While the broader market gained around 0.8% in the last year, Fifth Third Bancorp shareholders lost 34% (even including dividends). However, keep in mind that even the best stocks will sometimes underperform the market over a twelve month period. Regrettably, last year's performance caps off a bad run, with the shareholders facing a total loss of 1.1% per year over five years. We realise that Baron Rothschild has said investors should "buy when there is blood on the streets", but we caution that investors should first be sure they are buying a high quality business. Investors who like to make money usually check up on insider purchases, such as the price paid, and total amount bought. You can find out about the insider purchases of Fifth Third Bancorp by clicking this link.

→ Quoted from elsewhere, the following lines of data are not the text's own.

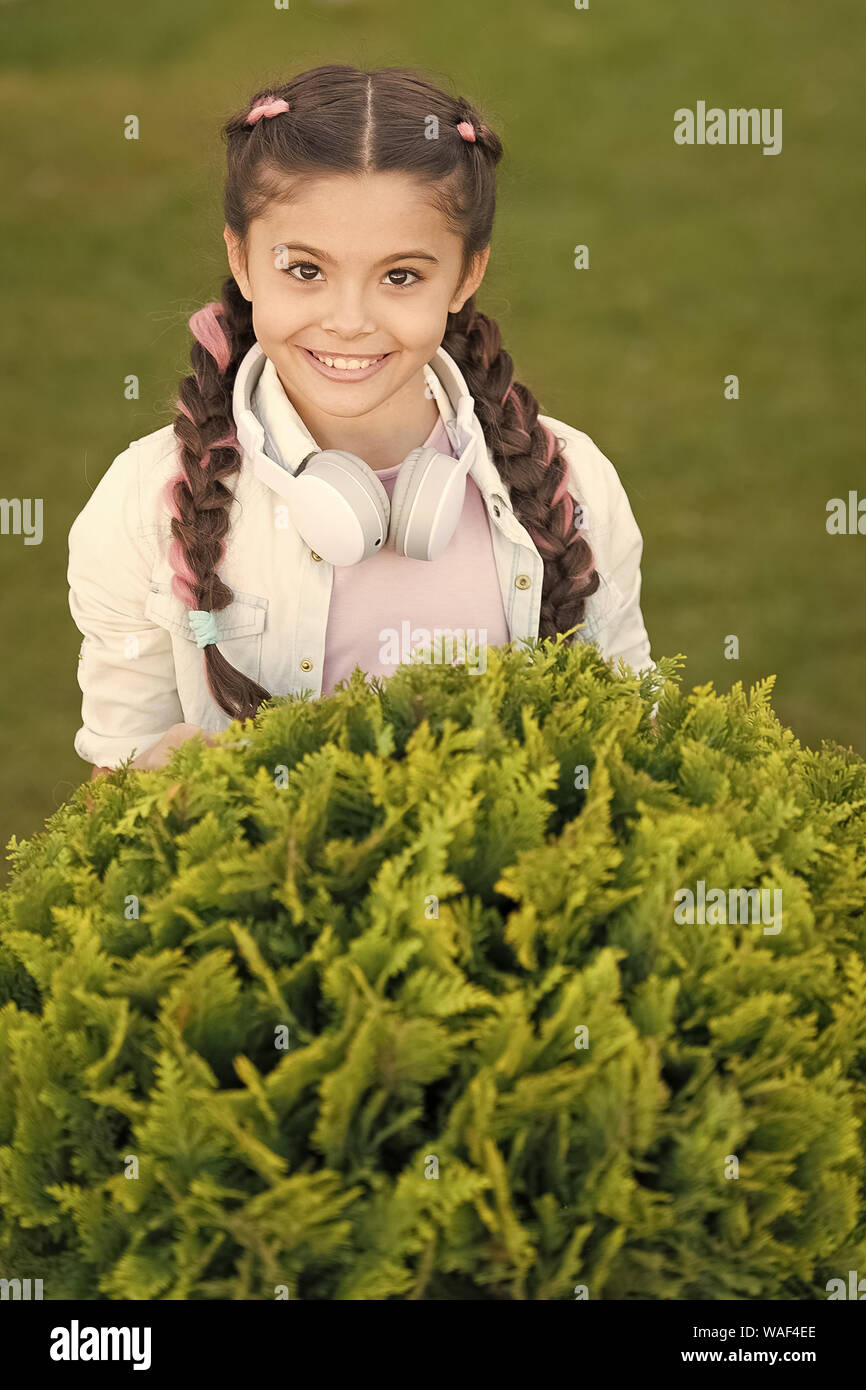 Secrets to raising happy child. Girl cute kid green grass background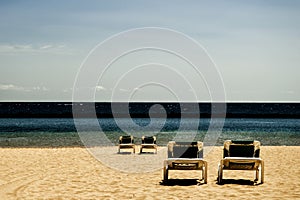 Four reclining chairs on a beach (contrast)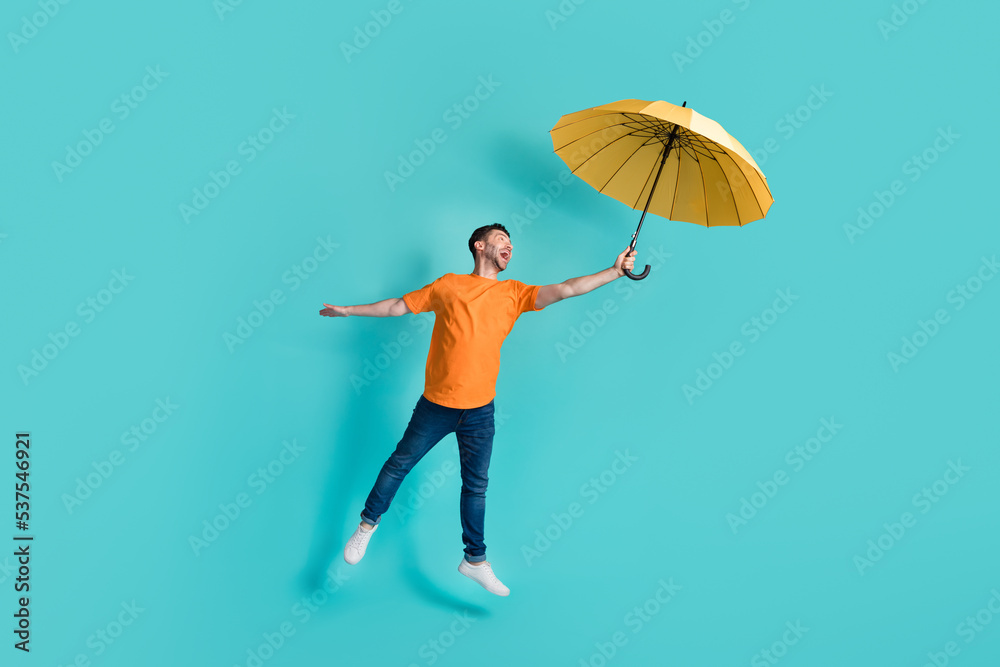 Full length photo of positive man stylish orange clothes yellow parasol flying empty space isolated on aquamarine color background Full length photo of positive man stylish orange clothes yellow parasol flying empty space isolated on aquamarine color background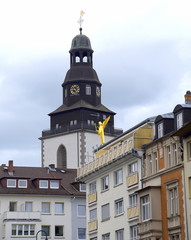 Hinter einer Häuserzeile emporragender Turm der Stadtkirche von Gießen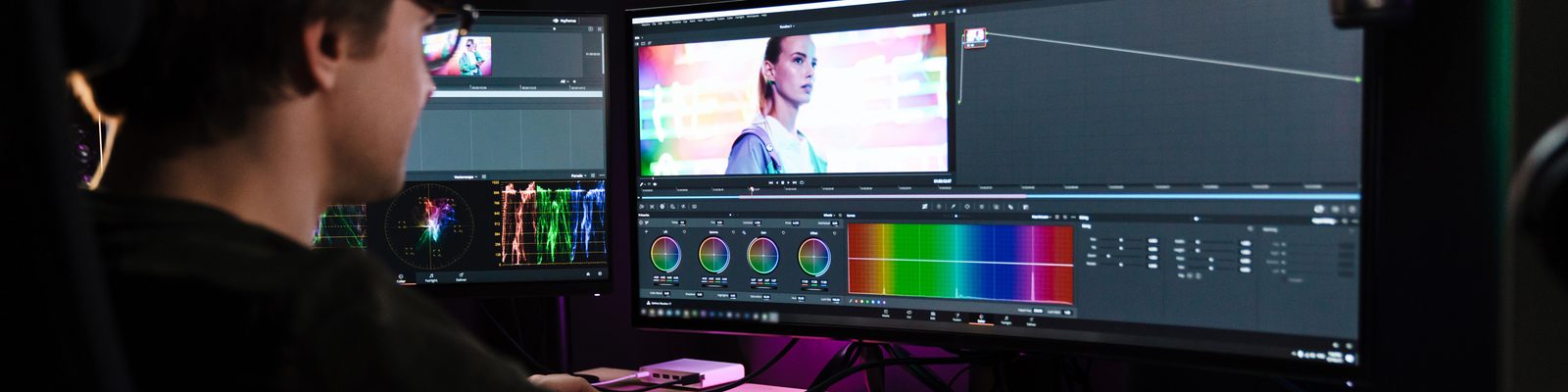 Colorist grading video on dual monitors with scopes and color wheels in a production suite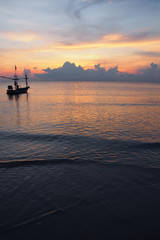 Sunrise, the colors of the morning sky with a fishing boat.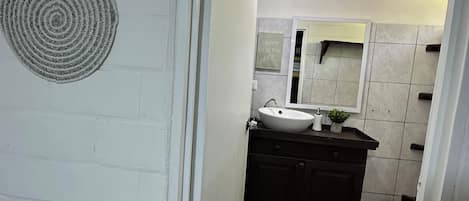 A bathroom with a white sink, dark cabinets, a mirror, and a textured floor.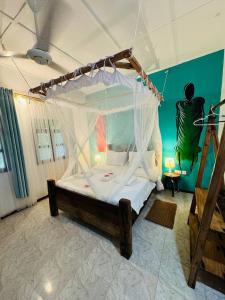 a bedroom with a large bed with a canopy at Babalao Bungalows in Nungwi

If you like to buy stocks alongside management, then you might just love this free list of companies. (Hint: insiders have been buying them).

Please note, the market returns quoted in this article reflect the market weighted average returns of stocks that currently trade on American exchanges.

Have feedback on this article? Concerned about the content? Get in touch with us directly. Alternatively, email editorial-team (at) simplywallst.com.

This article by Simply Wall St is general in nature. We provide commentary based on historical data and analyst forecasts only using an unbiased methodology and our articles are not intended to be financial advice. It does not constitute a recommendation to buy or sell any stock, and does not take account of your objectives, or your financial situation. We aim to bring you long-term focused analysis driven by fundamental data. Note that our analysis may not factor in the latest price-sensitive company announcements or qualitative material. Simply Wall St has no position in any stocks mentioned.